Activity -> What you give back should be exactly the opening lines of the data, ending with the line that contains "GANNI v-neck sleeveless dress - Nero" and including it.
### Information supplied
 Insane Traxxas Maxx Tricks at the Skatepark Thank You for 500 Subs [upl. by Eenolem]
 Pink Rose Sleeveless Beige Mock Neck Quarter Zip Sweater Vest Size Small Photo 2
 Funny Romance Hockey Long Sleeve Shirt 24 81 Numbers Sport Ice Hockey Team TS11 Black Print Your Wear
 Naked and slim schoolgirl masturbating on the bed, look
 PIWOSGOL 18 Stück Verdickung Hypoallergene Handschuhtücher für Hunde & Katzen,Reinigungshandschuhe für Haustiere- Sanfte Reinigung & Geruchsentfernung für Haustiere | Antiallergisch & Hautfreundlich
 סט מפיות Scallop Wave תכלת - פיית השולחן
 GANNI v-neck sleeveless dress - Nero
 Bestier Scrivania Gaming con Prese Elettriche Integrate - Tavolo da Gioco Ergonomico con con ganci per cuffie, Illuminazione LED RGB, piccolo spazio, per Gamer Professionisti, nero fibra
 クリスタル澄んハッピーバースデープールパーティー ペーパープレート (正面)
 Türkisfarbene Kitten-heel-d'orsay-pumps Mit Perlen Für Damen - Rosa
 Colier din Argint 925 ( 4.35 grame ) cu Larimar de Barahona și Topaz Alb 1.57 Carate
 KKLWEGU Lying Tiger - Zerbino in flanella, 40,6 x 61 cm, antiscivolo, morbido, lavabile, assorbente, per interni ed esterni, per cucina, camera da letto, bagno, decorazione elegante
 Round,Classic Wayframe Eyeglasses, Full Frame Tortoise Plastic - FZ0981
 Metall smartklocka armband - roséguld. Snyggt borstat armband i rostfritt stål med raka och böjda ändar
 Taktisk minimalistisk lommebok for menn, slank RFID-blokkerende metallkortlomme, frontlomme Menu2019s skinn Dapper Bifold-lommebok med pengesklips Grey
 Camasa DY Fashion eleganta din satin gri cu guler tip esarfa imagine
######
Finished task ->
 Insane Traxxas Maxx Tricks at the Skatepark Thank You for 500 Subs [upl. by Eenolem]
 Pink Rose Sleeveless Beige Mock Neck Quarter Zip Sweater Vest Size Small Photo 2
 Funny Romance Hockey Long Sleeve Shirt 24 81 Numbers Sport Ice Hockey Team TS11 Black Print Your Wear
 Naked and slim schoolgirl masturbating on the bed, look
 PIWOSGOL 18 Stück Verdickung Hypoallergene Handschuhtücher für Hunde & Katzen,Reinigungshandschuhe für Haustiere- Sanfte Reinigung & Geruchsentfernung für Haustiere | Antiallergisch & Hautfreundlich
 סט מפיות Scallop Wave תכלת - פיית השולחן
 GANNI v-neck sleeveless dress - Nero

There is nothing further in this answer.